Telemundo Nueva Inglaterra has recorded a video of the chaotic scene on Eureka Terrace. It shows a large amount that forms around the agents and officers as a community members call: “You shouldn't work with ice cream!”

A person who was identified as a 16-year-old girl briefly escaped from the police officers of Worcester, who are then seen how she chased her desperately and holds back on the floor.

“The series of events was undoubtedly worrying and the film material of a separate family is shocking,” said City Manager Eric Batista in an explanation. “After several emergency rooms, the Worcester police were sent to support on site. Unfortunately, after several attempts by WPD officials, two people were arrested to decal the chaotic situation, which included the risk of a child.”

Mobile phone video shows the moment when two workers were recorded when ICE finds that it will be a further increase in raids in the Boston region.

The girl, her mother, another relative and a newborn baby wanted to get into a vehicle when she was intercepted by ice agents.

The mother was also arrested. Ice was waiting for her when the Brazilian natives left her home.

“I don't have anyone at home. You arrested my mother, my sister and a 2 month old baby,” said a family member to Telemundo Nueva Inglaterra in Spanish.

The Worcester police said they replied to a report at 11.13 a.m. that a group of 25 people had surrounded a federal agent in Eureka Street.

“When officials arrived on site, they watched a chaotic scene with several federal agents of various agencies who tried to take a woman in custody,” said the department in a press release. “Federal agents had arrested this woman and tried to go in a vehicle. The crowd was unruly, and several people put their hands on federal agents and Worcester officers in order to prevent the vehicle and the arrest from it. The officials of Worcester tried to deescale the situation and keep them all securely.”

The Worcester police told the person who holds the newborn baby, a youthful, was announced that they endanger the child. After giving the baby to someone else, she ran after an officer's vehicle and stepped. Due to ruthless threat to a child, she was taken into custody, peace, disordered behavior and resistance to arrest.

Another woman, the 28-year-old Ashley Spring by Worcester, was also arrested by the local police after he had supposedly thrown “an unknown liquid substance” on civil servants. The police from Worcester said that she is charged with a police officer, a bodily harm and a battery with a dangerous weapon, disordered behavior and a police officer.

The police did not provide any information about ice operation.

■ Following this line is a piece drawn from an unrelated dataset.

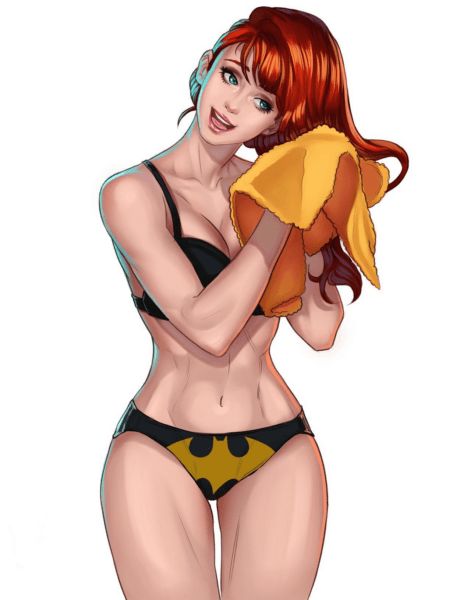 Barbara Gordon drying her hair in her Batgirl underwear (maddydragoon) [DC Batman]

It was not immediately clear how many people were in federal custody.

“We asked the ICE agents to let them go into the bathroom, and they told me no that she was waiting for her lawyer,” said activist Maydee Morales, who was present in the incident, in Spanish.

When federal agents refused, they decided to name a lawyer for immigration lawyers.

“When we talked to her, she told us when she hadn't been arrested and there was no arrest warrant, she could go to the toilet, and then they started pulling her in her hand with the baby,” she said.

The neighbors alerted the Worcester police to search for support, but their commitment outraged the community.

“The police arrived, and instead of keeping peace as we did, they disrupted the entire situation,” said Morales.

“The call was due to a disturbance that implements an enemy crowd around a federal agent.

The incident is the latest ice operation in Massachusetts to let the members of the community fear. A 25-year-old man from Guatemaltean without a previous police or criminal register was arrested at a petrol station in Framingham on Monday, his family said.